- EXERCISE -
Return the lines of the listing below exactly as they appear, beginning at the one with "Gold hoop earrings" and stopping after the one with "living area with"; do not include pictures.

- GIVEN DATA -
========
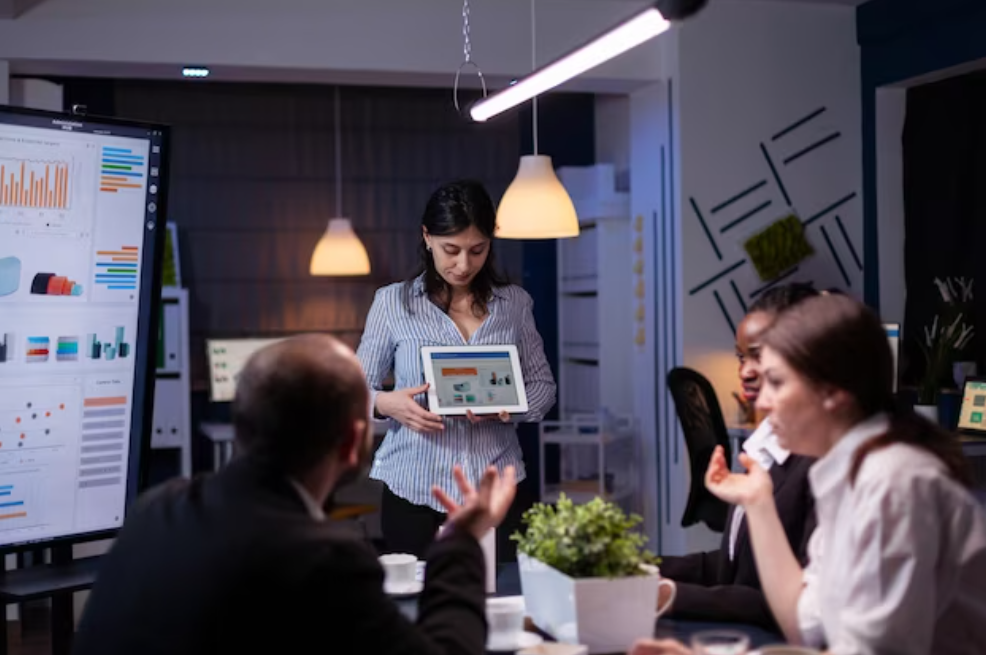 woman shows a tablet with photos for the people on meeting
========
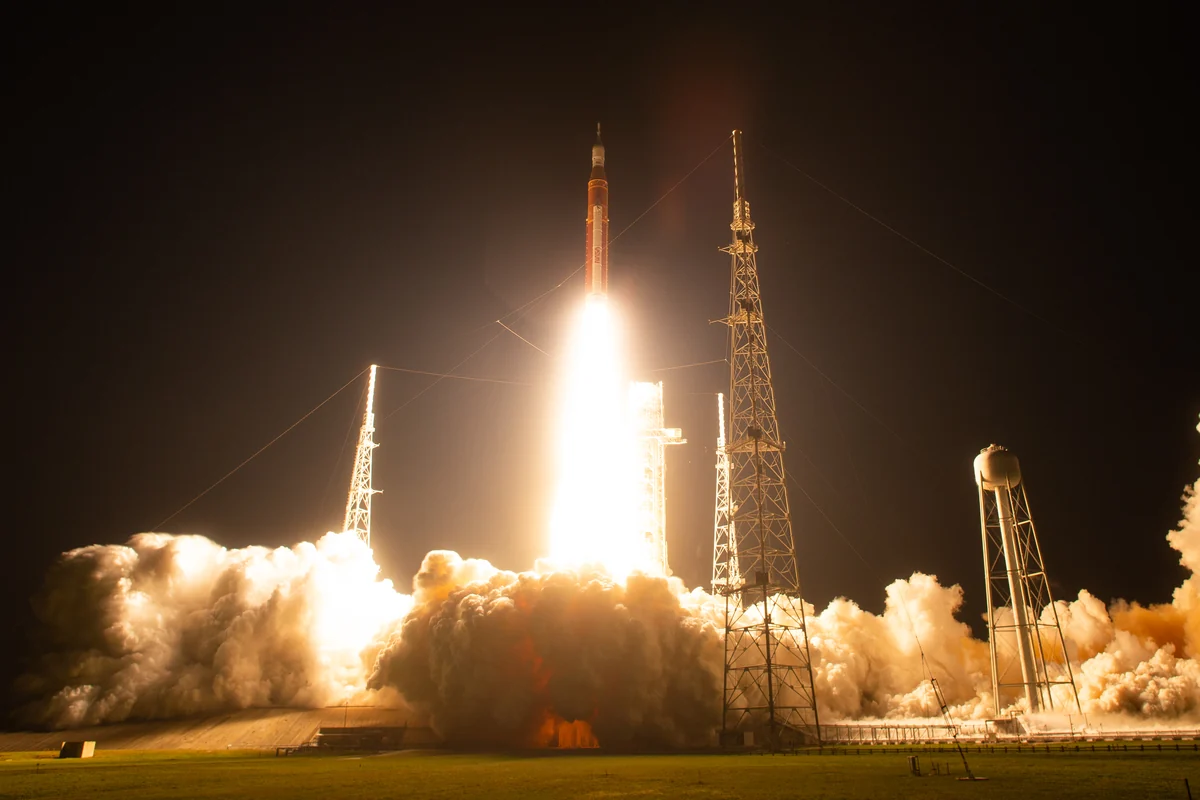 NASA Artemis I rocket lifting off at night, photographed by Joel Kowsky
========
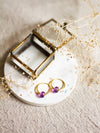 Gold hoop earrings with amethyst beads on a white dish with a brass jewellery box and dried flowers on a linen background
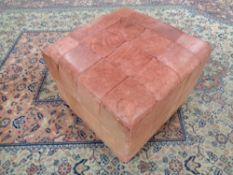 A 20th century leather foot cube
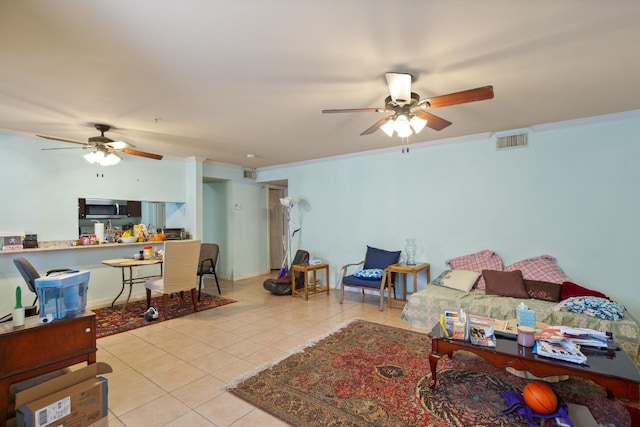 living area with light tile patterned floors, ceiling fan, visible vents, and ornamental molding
========
- SOLUTION -
 Gold hoop earrings with amethyst beads on a white dish with a brass jewellery box and dried flowers on a linen background
 A 20th century leather foot cube
 living area with light tile patterned floors, ceiling fan, visible vents, and ornamental molding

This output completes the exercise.